Youngstown to make final payment on Covelli Centre
YOUNGSTOWN — The city will make its final payment Tuesday on an $11.9 million loan it took out in 2005 for its portion of the Covelli Centre construction with plans to use future money generated by the facility for improvements and upgrades.
“It’s extremely important that it’s being paid off,” said Eric Ryan, president of JAC Management Group, which operates the center as well as the Youngstown Foundation Amphitheatre and Wean Park downtown for the city.
He added: “We’re in a building that’s (nearly) 20 years old and there are some renovations and upgrades we’d like to start considering. It’s been tough to do that when your charge is to pay for the building. We’ll now have funds to put back into the building.”
The city has been aggressive since June 2022 in paying off the loan. Of the $11.9 million owed in principal, it will have paid $5.1 million in about 20 months.
It made $1.7 million payments in June 2022, January 2023 and the final one will be made Tuesday.
The money to repay the loan comes from operating profits, a 5.5% admission tax on tickets sold at the center and amphitheater and property taxes the city receives that are specifically meant for its debt service payments, said Kyle Miasek, the city’s finance director.

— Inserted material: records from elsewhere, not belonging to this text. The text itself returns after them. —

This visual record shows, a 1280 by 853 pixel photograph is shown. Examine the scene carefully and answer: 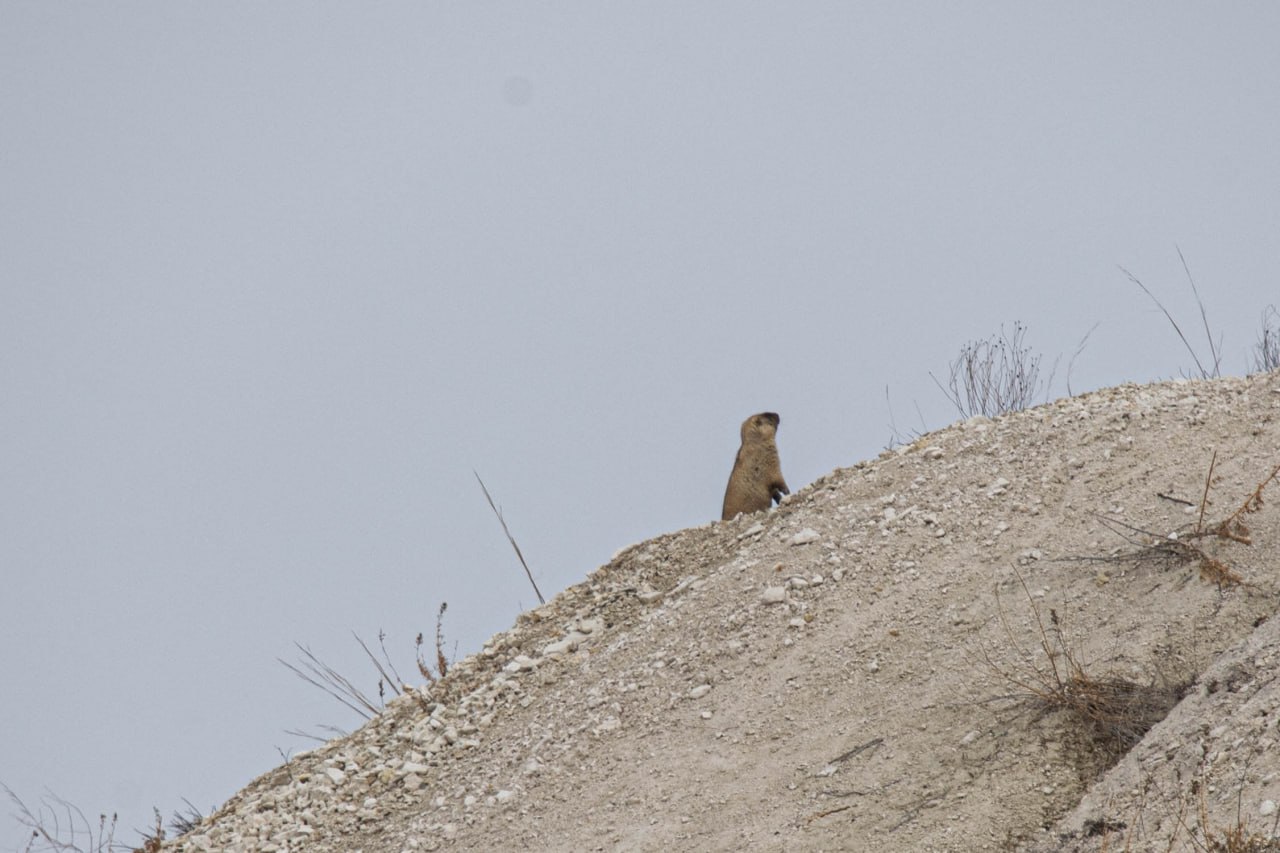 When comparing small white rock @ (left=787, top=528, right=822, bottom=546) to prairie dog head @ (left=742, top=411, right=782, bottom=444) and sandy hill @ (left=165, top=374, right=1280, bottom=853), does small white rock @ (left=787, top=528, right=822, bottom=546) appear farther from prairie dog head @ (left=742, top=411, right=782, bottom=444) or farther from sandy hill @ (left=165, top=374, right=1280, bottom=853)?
prairie dog head @ (left=742, top=411, right=782, bottom=444)

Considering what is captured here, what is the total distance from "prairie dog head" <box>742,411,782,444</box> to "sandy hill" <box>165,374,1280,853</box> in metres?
1.34

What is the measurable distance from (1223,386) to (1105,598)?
2.66 meters

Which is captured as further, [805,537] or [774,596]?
[805,537]

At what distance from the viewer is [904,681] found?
5.43 m

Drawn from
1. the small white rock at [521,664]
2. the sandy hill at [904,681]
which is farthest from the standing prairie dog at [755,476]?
the small white rock at [521,664]

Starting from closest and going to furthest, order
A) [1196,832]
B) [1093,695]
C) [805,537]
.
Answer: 1. [1196,832]
2. [1093,695]
3. [805,537]

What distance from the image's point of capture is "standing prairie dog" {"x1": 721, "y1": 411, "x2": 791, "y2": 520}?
9.27 metres

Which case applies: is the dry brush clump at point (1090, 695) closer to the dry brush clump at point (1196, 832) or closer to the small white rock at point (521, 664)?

The $1.7 million amounts are the largest principal payments the city has made for the facility.
Before that, the city paid $1.46 million in 2021 and $900,000 in both 2019 and 2020.
The city borrowed $11.9 million in 2005 to pay its portion of the center’s $45 million overall cost. Most of the construction expenses were covered by $26.8 million in federal grants obtained in 2000 by then-U.S. Rep. James A. Traficant Jr.
The city paid nothing in principal until 2011 — only interest during those early years.
Interest payments on the $11.9 million cost the city about $6.6 million.
The interest rate in 2007 was 6.88% so the city paid $818,720 in interest alone that year.
The interest rate in 2011, the first year the city paid toward the principal, was 5.34%.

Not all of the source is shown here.